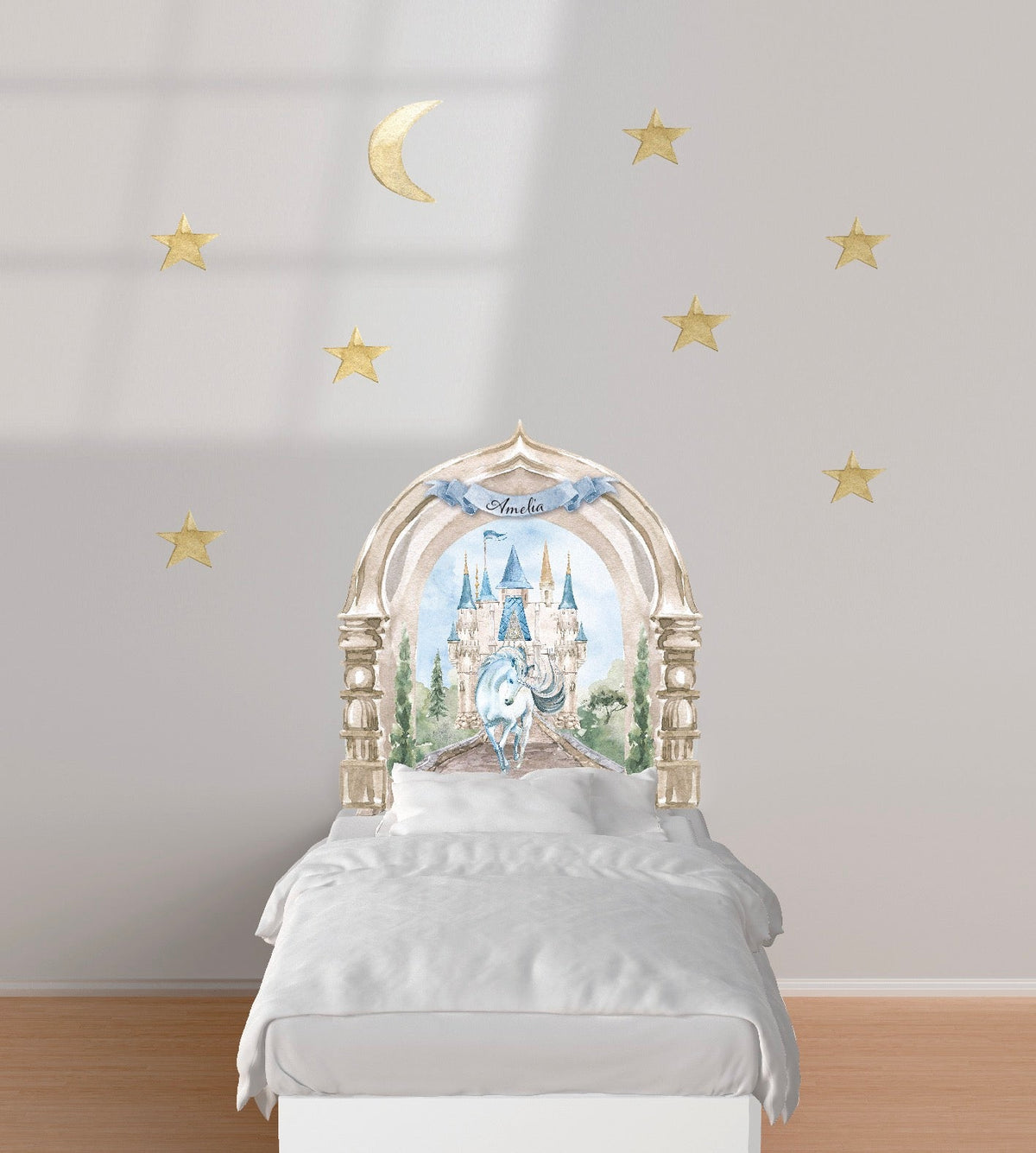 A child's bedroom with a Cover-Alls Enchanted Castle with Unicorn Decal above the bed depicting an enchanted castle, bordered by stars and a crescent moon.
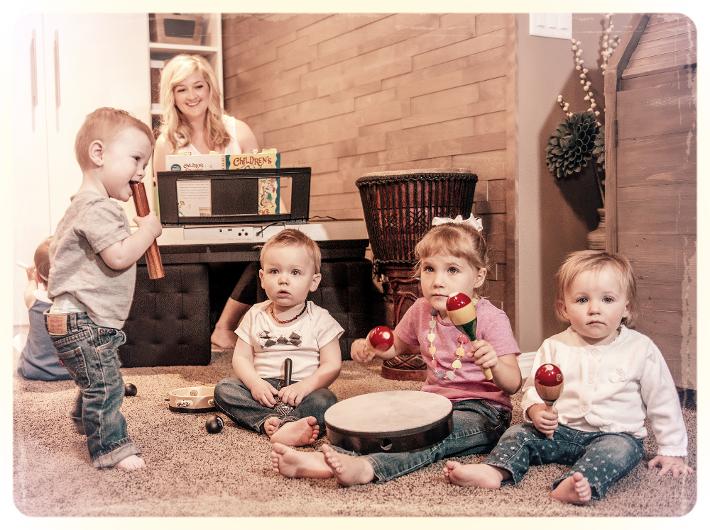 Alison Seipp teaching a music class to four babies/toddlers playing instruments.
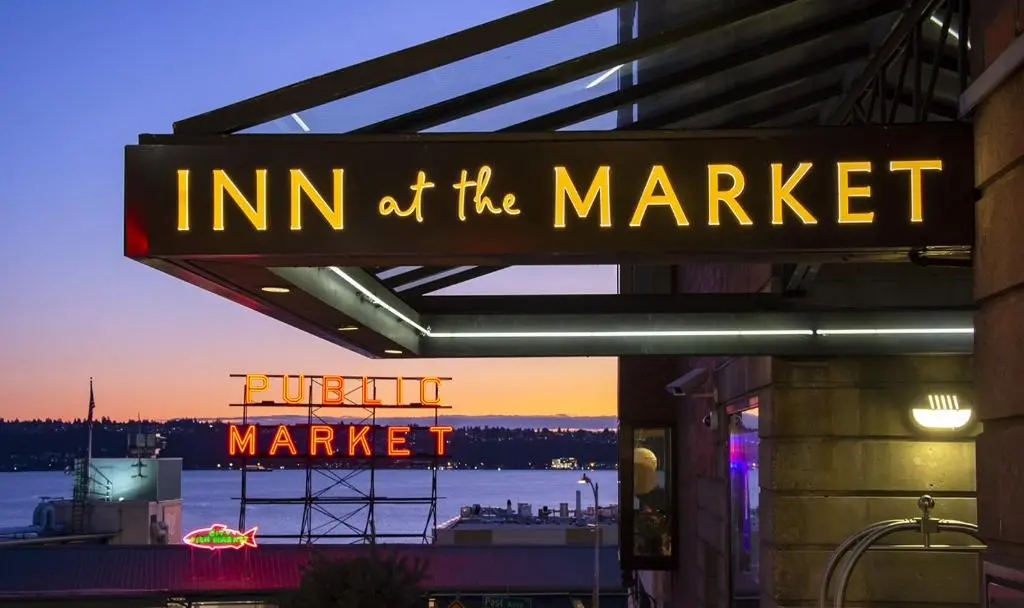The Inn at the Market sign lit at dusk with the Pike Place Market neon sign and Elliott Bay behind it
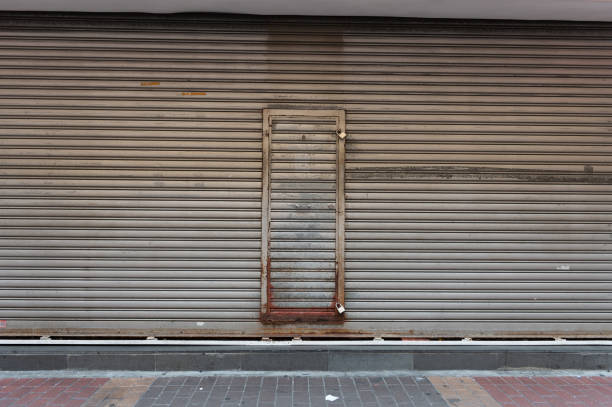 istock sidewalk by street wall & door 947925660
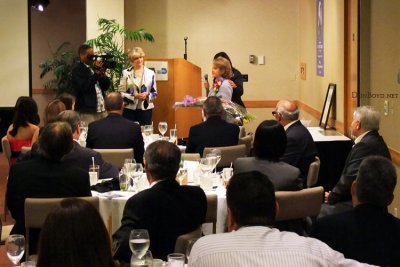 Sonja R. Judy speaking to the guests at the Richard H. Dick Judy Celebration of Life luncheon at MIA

--

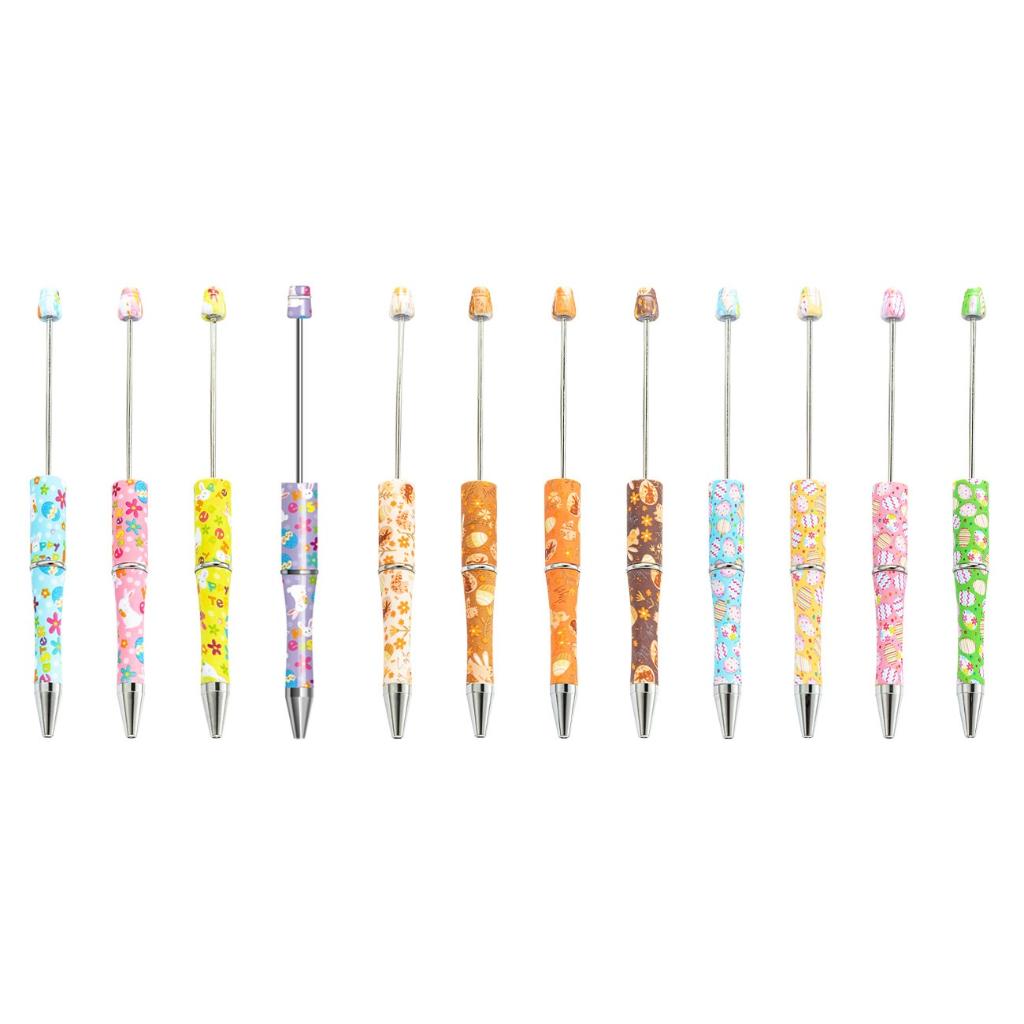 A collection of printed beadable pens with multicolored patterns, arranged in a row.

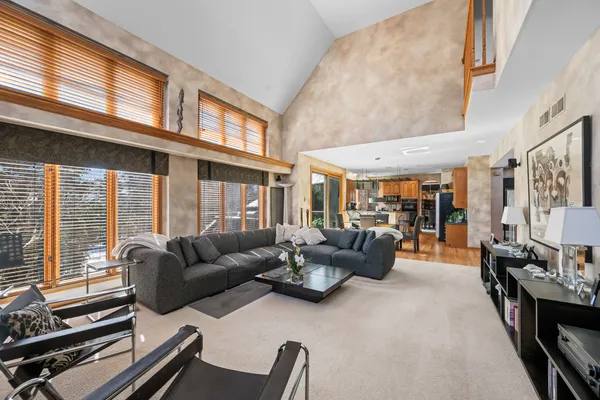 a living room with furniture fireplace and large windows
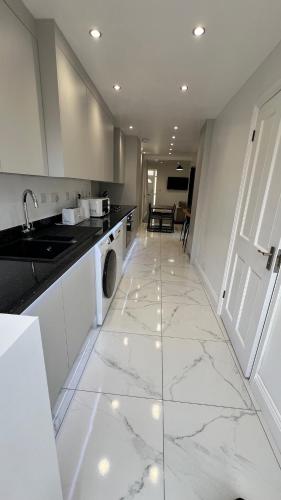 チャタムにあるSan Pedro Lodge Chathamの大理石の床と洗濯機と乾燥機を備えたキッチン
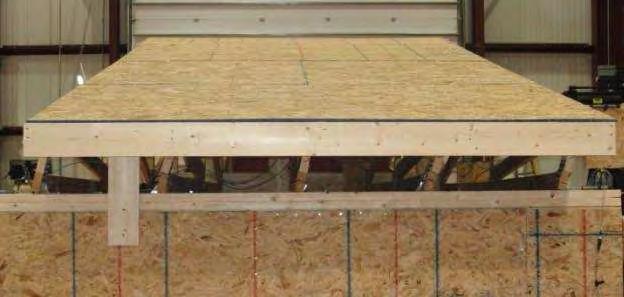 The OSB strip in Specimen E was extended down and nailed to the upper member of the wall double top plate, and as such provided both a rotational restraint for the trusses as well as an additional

What the task requires:
Exercise for the records above: copy only the lines from the one with "A collection of" to the one with "チャタムにあるSan Pedro Lodge", both ends kept, and drop the pictures.

Result of the task:
 A collection of printed beadable pens with multicolored patterns, arranged in a row.

 a living room with furniture fireplace and large windows
 チャタムにあるSan Pedro Lodge Chathamの大理石の床と洗濯機と乾燥機を備えたキッチン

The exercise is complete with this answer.